A New York Times bestseller by an author of relentless logic has been translated into Persian by Mohammad Hariri Akbari. Ghalan Yord Publishing has released ‘Who Rules The World?’ in 238 pages and 250 copies.
Here, the world’s leading intellectual offers a probing examination of the waning American Century, the nature of U.S. policies post-9/11, and the perils of valuing power above democracy and human rights
In an incisive, thorough analysis of the current international situation, Noam Chomsky argues that the United States, through its military-first policies and its unstinting devotion to maintaining a world-spanning empire, is both risking catastrophe and wrecking the global commons. Drawing on a wide range of examples, from the expanding drone assassination program to the threat of nuclear warfare, as well as the flashpoints of Iraq, Iran, Afghanistan, and Israel/Palestine, he offers unexpected and nuanced insights into the workings of imperial power on our increasingly chaotic planet.
In the process, Chomsky provides a brilliant anatomy of just how U.S. elites have grown ever more insulated from any democratic constraints on their power. While the broader population is lulled into apathy—diverted to consumerism or hatred of the vulnerable—the corporations and the rich have increasingly been allowed to do as they please.
Fierce, unsparing, and meticulously documented, ‘Who Rules the World?’ delivers the indispensable understanding of the central conflicts and dangers of our time that we have come to expect from Chomsky.

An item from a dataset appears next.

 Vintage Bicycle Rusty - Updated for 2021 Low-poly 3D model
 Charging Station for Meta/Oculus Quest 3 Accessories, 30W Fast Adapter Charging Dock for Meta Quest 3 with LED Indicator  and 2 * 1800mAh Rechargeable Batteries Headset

The New York Review of Books comments on this work: “Chomsky’s book is . . . a polemic designed to awaken Americans from complacency. America, in his view, must be reined in, and he makes the case with verve. . . . We should understand it as a plea to end American hypocrisy, to introduce a more consistently principled dimension to American relations with the world, and, instead of assuming American benevolence, to scrutinize critically how the U.S. government actually exercises its still-unmatched power.”